A ningún hombre le gusta dormir con otro en una cama. En realidad, uno preferiría con mucho no dormir ni con su propio hermano. No sé por qué, pero a la gente le gusta el aislamiento para dormir. Y cuando se trata de dormir con un desconocido extraño, en una posada extraña, y ese desconocido es un arponero, entonces las objeciones se multiplican indefinidamente. Y no es que haya razón en este mundo por la cual un marinero tenga que dormir con otro en una cama, más que cualquier otra persona; pues los marineros no duermen de dos en dos en los barcos más que los reyes solteros en tierra firme. Por supuesto, duermen todos juntos en un solo local, pero cada cual tiene su propia hamaca, y se cubre con su propia manta, y duerme en su propia piel.
Cuanto más cavilaba sobre ese arponero, más aborrecía la idea de dormir con él. Era lícito presumir que, siendo arponero, sus lanas o linos, según fuera el caso, no serían de lo más limpio, ni, desde luego, de lo más delicado. Empecé a sentir picores por todas partes. Además, se iba haciendo tarde, y mi decente arponero debería estar en casa y yendo rumbo a la cama. Supongamos ahora que cayera sobre mí a medianoche, ¿cómo podría yo decir de qué vil agujero venía?
—¡Patrón! He cambiado de idea sobre ese arponero. No voy a dormir con él. Probaré este banco.
—Como quiera; siento no poder dejarle un mantel como colchón, y esta tabla de aquí es muy áspera y molesta... —tocando los nudos y bultos—. Pero espere un poco, Skrimshander; tengo un cepillo de carpintero ahí en el bar; espere, digo, y le pondré bastante a gusto.
Diciendo así, buscó el cepillo, y con su viejo pañuelo de seda desempolvó primero el banco, y se puso vigorosamente a alisarme la cama, haciendo muecas mientras tanto como un mono. Las virutas volaban a derecha e izquierda, hasta que, por fin, el filo del cepillo chocó contra un nudo indestructible. El patrón estuvo a punto de dislocarse la muñeca, y yo le dije que lo dejara, por lo más sagrado; la cama ya estaba bastante blanda para mí, y no sabía cómo ningún acepillado del mundo podía convertir en edredón una tabla de pino. Así que, reuniendo las virutas con otra mueca, y echándolas a la gran estufa de en medio de la sala, se marchó a sus asuntos, y me dejó en negras reflexiones.
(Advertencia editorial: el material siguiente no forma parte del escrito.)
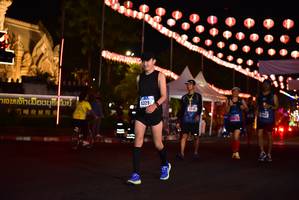 BIB: 43297
                            <button type="button" onclick="openModal(17086854)" class="btn btn-primary btn-sm float-right btn-popup" data-toggle="modal" data-target=".modal-high-quality">
                        <i class="fas fa-shopping-cart"></i> Add to Cart
                    </button>
                                            <button type="button" onclick="isThisMe(17086854, true)" class="btn btn-success btn-sm float-right btn-popup btn-isme hidden" data-toggle="tooltip" data-placement="bottom" title="นี่คือรูปของคุณใช่ไหม คลิกที่นี่เพื่อเอาเข้าอัลบั้ม">
                        <i class="fas fa-plus"></i> Add to album
                    </button>
                    <button type="button" onclick="isThisMe(17086854, false)" class="btn btn-warning btn-sm float-right btn-popup btn-isnotme hidden">
                        <i class="fas fa-ban"></i> Remove from album
                    </button>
Tomé entonces medidas al banco, y encontré que le faltaba un pie de largo, aunque eso se podía arreglar con una silla. Pero también le faltaba un pie de ancho, y el otro banco del cuarto era unas cuatro pulgadas más alto que el cepillado, de modo que no se podían emparejar. Entonces puse el primer banco a lo largo del único espacio libre contra la pared, dejando un pequeño intervalo en medio para poder acomodar la espalda. Pero pronto encontré que venía hacia mí tal corriente de aire frío, desde el hueco de la ventana, que ese plan no iba a servir en absoluto, sobre todo, dado que otra corriente, desde la desvencijada puerta, salía al encuentro de la de la ventana, y ambas juntas formaban una serie de pequeños torbellinos en inmediata proximidad al lugar donde había pensado pasar la noche.
«El demonio se lleve a ese arponero —pensé—, pero, un momento, ¿no podría sacarle una ventaja? ¿Cerrar su puerta por dentro, y meterme en su cama sin dejarme despertar por los golpes más violentos?» No parecía mala idea; pero, pensándolo mejor, lo deseché.
Pues ¿quién podría decir que a la mañana siguiente, tan pronto como yo saliera del cuarto corriendo, el, arponero no iba a estar plantado en la entrada, dispuesto a derribarme de un golpe?
Sin embargo, volviendo a mirar a mi alrededor, y no viendo ocasión posible de pasar una noche tolerable a no ser en la cama de otra persona, empecé a pensar que, después de todo, podía estar abrigando prejuicios injustificados contra ese desconocido arponero. Pensé: «Voy a esperar mientras tanto; no tardará en dejarse caer por aquí. Entonces le miraré bien, y quizá lleguemos a ser alegres compañeros de cama; no puede saberse».
Pero aunque los otros huéspedes iban viniendo, sueltos, o en grupos de dos o de tres, para acostarse, no había todavía señales de mi arponero.